LOCAL PREVIEW View on GitHub

RAG Indexing, Retrieval, And Re-Ranking

Covers Q12, Q13, Q14, Q15, Q23, Q26, Q30, Q34.

What The Interviewer Is Testing

  • Whether you can explain retrieval as a pipeline, not just "we use vectors".
  • Whether you understand chunking, metadata, HNSW tuning, and reranking trade-offs.
  • Whether you can talk about freshness and contradiction handling in production.

Deep Dive

Ingestion Pipeline

  1. Source documents arrive from FAQs, product content, or policy content.
  2. Documents are cleaned, normalized, and chunked.
  3. Each chunk receives metadata.
  4. Embeddings are generated.
  5. Vectors and metadata are upserted into OpenSearch.

Chunking Design

The stated design uses 512-token chunks with 50-token overlap. A strong answer explains why:

  • Large enough for semantic coherence.
  • Small enough for precise retrieval.
  • Overlap preserves continuity when relevant facts straddle boundaries.

Metadata Matters

Metadata is not an afterthought. It enables:

  • filtered retrieval by source type or category
  • freshness-aware ranking
  • source attribution
  • safer handling of product-specific queries through asin

Retrieval Path

  1. Embed the user query.
  2. Retrieve top-k candidates through ANN search.
  3. Re-rank with a cross-encoder.
  4. Select the final chunks.
  5. Pass them into the prompt with source metadata.

HNSW Talking Points

  • M controls graph connectivity and memory use.
  • ef_construction affects index build quality and build time.
  • ef_search affects recall and query latency.

For RAG, good answers usually bias slightly toward recall because poor retrieval quality hurts the final answer more than a modest search-time increase.
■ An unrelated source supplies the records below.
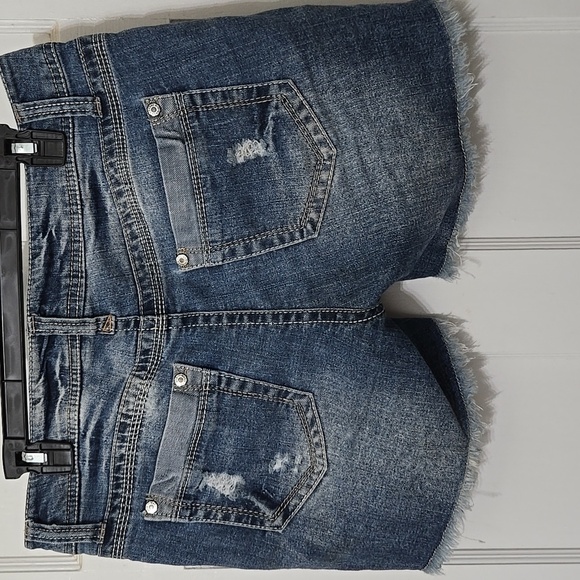 Wallflower Indigo Distressed Denim Shorts Junior 11 - Picture 4 of 6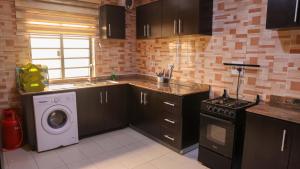 拉各斯BOL LODGE AND APARTMENT的厨房配有洗衣机和洗衣机。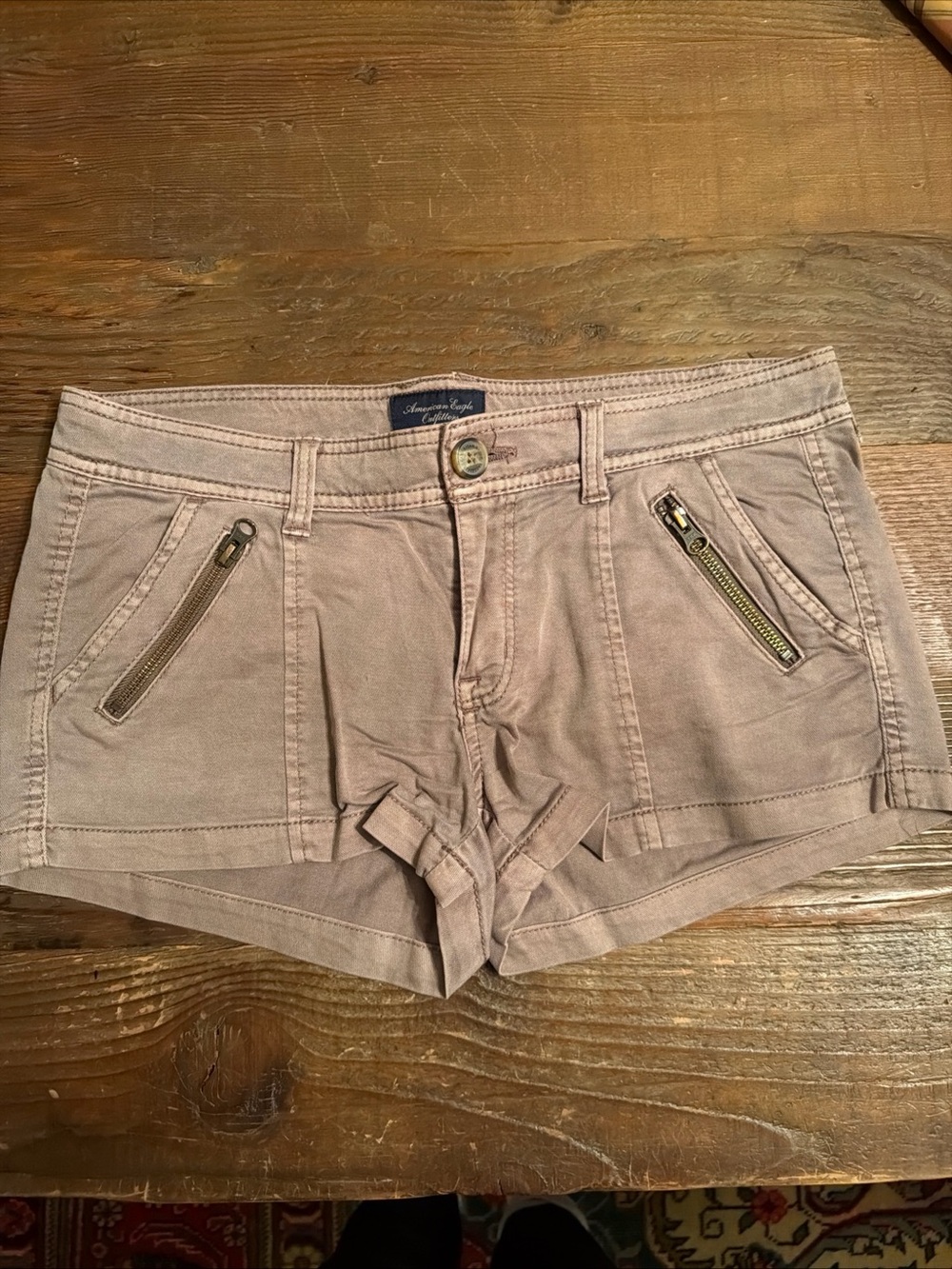 American Eagle Khaki Brown Low Rise "Shortie" Stretch Shorts ~ Sz 8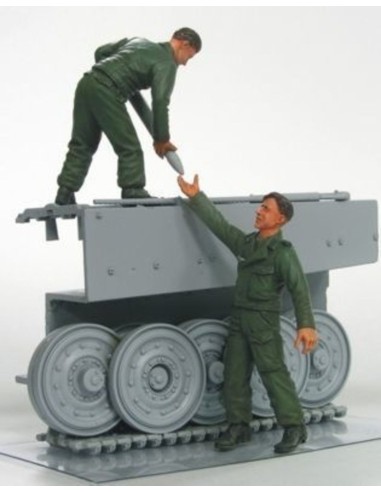 Tiger I Ammunation Supply- 2 Figures 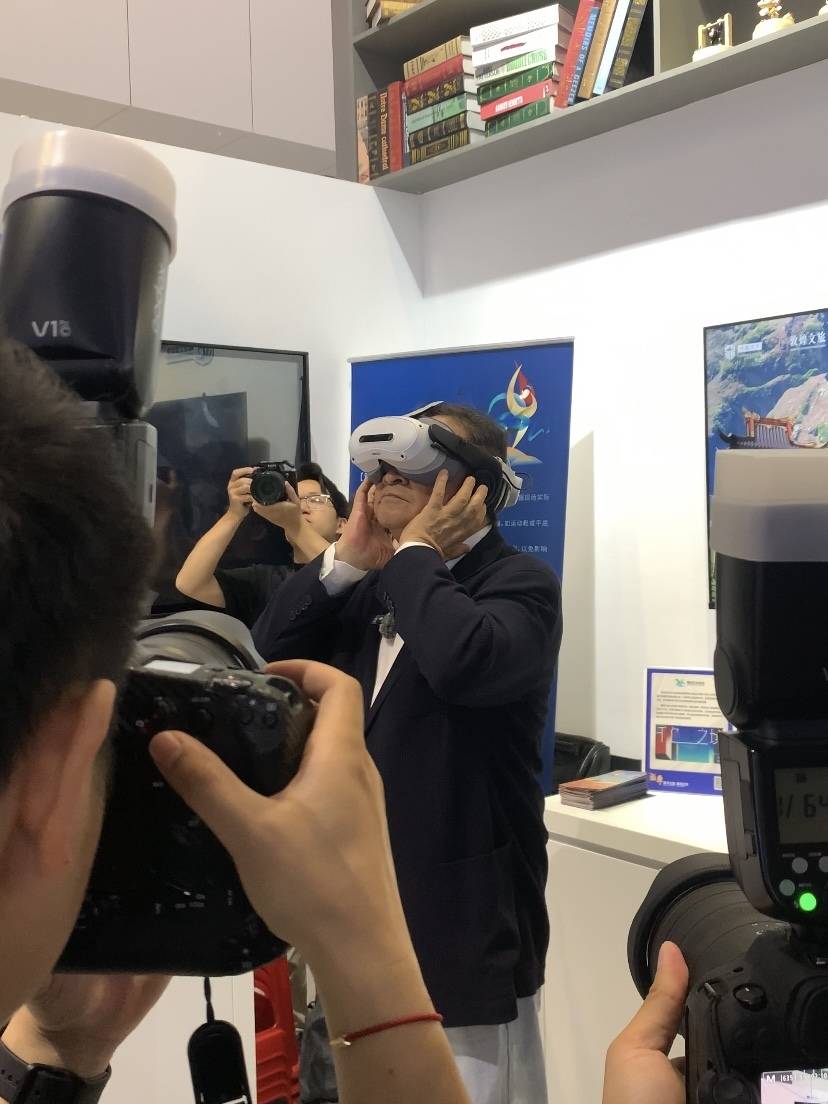 著名艺术家姜昆亮相深圳文博会：龙华正以"高科技"为笔，书写文化创新答卷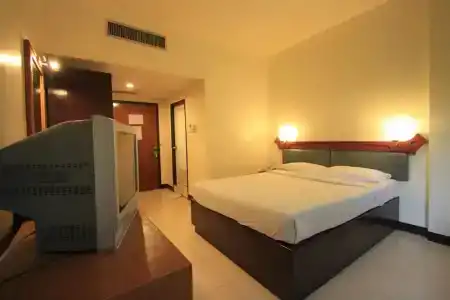 River Inn - 3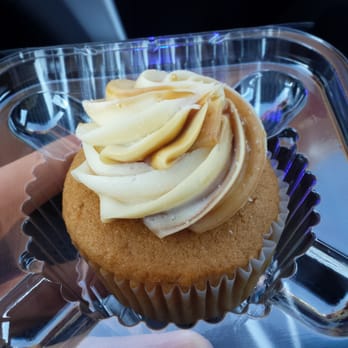 Nadia Cakes - Salted caramel cupcake - Bakeries Near Me - Maple Grove, Minnesota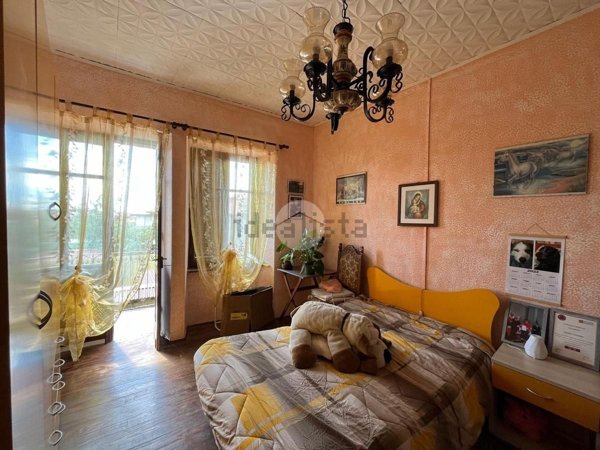 casa semindipendente in vendita a Cossato in zona Parlamento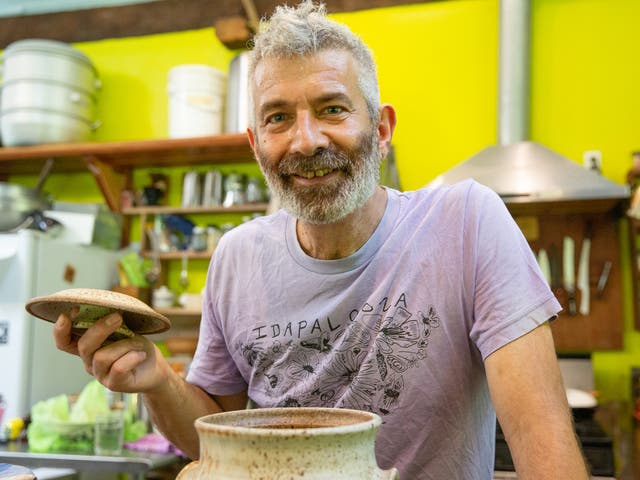 <p>Sandor Katz has been influential in bringing fermented food into public awareness </p>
Contradictions And Freshness

Retrieved chunks can disagree. The answer should mention:

  • versioning or deduplication during indexing
  • last_updated metadata
  • prompt instructions to prefer fresher sources
  • operational flags for human review when contradictions persist

Strong Answer Pattern

  • "RAG quality is dominated by retrieval quality, not only model quality."
  • "Metadata filtering often matters as much as vector similarity."
  • "Reranking is worth the cost when top-3 quality matters."
  • "Freshness is a pipeline problem, not just a prompt problem."

Scenario 1: Contradictory Chunks

Primary Prompt

The retriever returns one chunk saying a return policy is 30 days and another saying it is 14 days. What should happen?

Follow-Up 1

Is this primarily an LLM problem or an indexing problem?

Follow-Up 2

How should last_updated affect ranking or selection?

Follow-Up 3

What analytics event would you emit so the data pipeline team can fix the root cause?

Strong Answer Markers

  • Attributes root cause to data or indexing quality first.
  • Uses freshness metadata and source preference rules.
  • Mentions surfacing contradictions for human cleanup.

Scenario 2: Retrieval Recall Is Poor For Niche Manga Queries

Primary Prompt

Users asking for obscure manga volumes are getting weak retrieval results even though the documents exist. Where do you investigate first?

Follow-Up 1

Would you adjust chunking, ef_search, metadata filters, or the embedding model first?

Follow-Up 2

How would you know if reranking is helping or hurting?

Follow-Up 3

What offline evaluation dataset would you build?

Strong Answer Markers

  • Separates recall issues from reranking issues.
  • Uses query-set evaluation rather than intuition.
  • Talks about retrieval metrics such as recall@k and MRR.
  • Understands that over-filtering metadata can kill recall.

Scenario 3: Real-Time Catalog Updates

Primary Prompt

A product is discontinued. How does that propagate through the RAG index without serving stale content for hours?

Follow-Up 1

What event source would trigger the update pipeline?

Follow-Up 2

Would you ever store prices inside chunks?

Follow-Up 3

What SLO would you define for index freshness?

Strong Answer Markers

  • Uses event-driven indexing through SNS, streams, or similar triggers.
  • Deletes or updates chunks for discontinued products.
  • Avoids relying on static chunked prices for live pricing.
  • Defines freshness explicitly, for example under five minutes.

Red Flags

  • Saying overlap is always good without a cost trade-off.
  • Ignoring metadata filters.
  • Treating HNSW parameters as random knobs.
  • Solving contradictory sources only with prompt wording.

Two-Minute Whiteboard Version

Draw two planes:

  1. Offline ingestion plane with chunking, embedding, indexing.
  2. Online retrieval plane with embed, search, rerank, select, prompt.